Each block is just a smaller matrix, but together they still represent the original structure.


Why Use Blocks?

Block matrices are useful when:

  • You’re dealing with structured data (e.g., images, time-series, graphs)
  • You want to optimize computations using smaller chunks
  • Your matrix represents multiple modalities or features (e.g., text + image)
  • You’re distributing operations across multiple processors or nodes

Block Matrix Multiplication

Let’s say you have two block-partitioned matrices:

\[A = \begin{bmatrix} A_{11} & A_{12} \\ A_{21} & A_{22} \end{bmatrix}, \quad B = \begin{bmatrix} B_{11} & B_{12} \\ B_{21} & B_{22} \end{bmatrix}\]

If the inner dimensions match (i.e., each block multiplication is defined), you can compute the product blockwise:

\[AB = \begin{bmatrix} A_{11} B_{11} + A_{12} B_{21} & A_{11} B_{12} + A_{12} B_{22} \\ A_{21} B_{11} + A_{22} B_{21} & A_{21} B_{12} + A_{22} B_{22} \end{bmatrix}\]

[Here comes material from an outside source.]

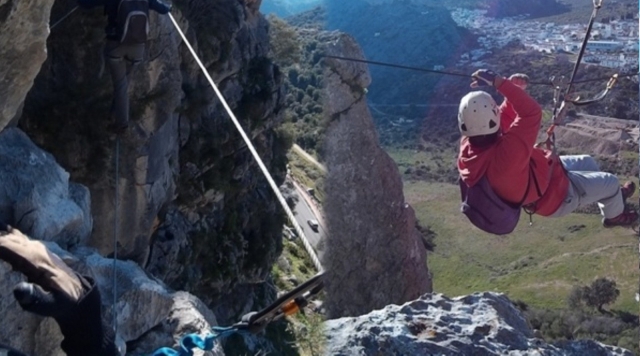 Atravesando la ferrata por las guías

So instead of multiplying the full matrices all at once, you’re multiplying and adding smaller blocks—this is especially useful in large-scale computing.


Applications

Block matrices show up in more places than you might expect:

  • Distributed computing: In big-data systems like Spark or Dask, matrices are often partitioned into blocks for parallel processing. Each node handles a piece.

  • Mini-batch learning: In neural networks, training often happens on batches. Each mini-batch can be viewed as a block of the full data matrix.

  • Multi-modal learning: Say you’re combining image features and text features—each type can be represented as a block in a larger feature matrix.

  • Graph learning: Adjacency matrices of graphs can be block-partitioned to reflect communities or clusters. This is helpful in spectral clustering or modularity detection.

Block matrices are one of those “simple once you see it” ideas. They don’t just make computation faster—they also mirror the real-world structure in many ML tasks. If your data or model has parts, blocks are a natural way to think and compute.


Final Thoughts

We started with a humble matrix and ended up unlocking a toolkit that powers nearly every machine learning algorithm today. Whether you’re transforming features, training deep nets, or decomposing graphs—matrices are behind the scenes, doing the heavy lifting.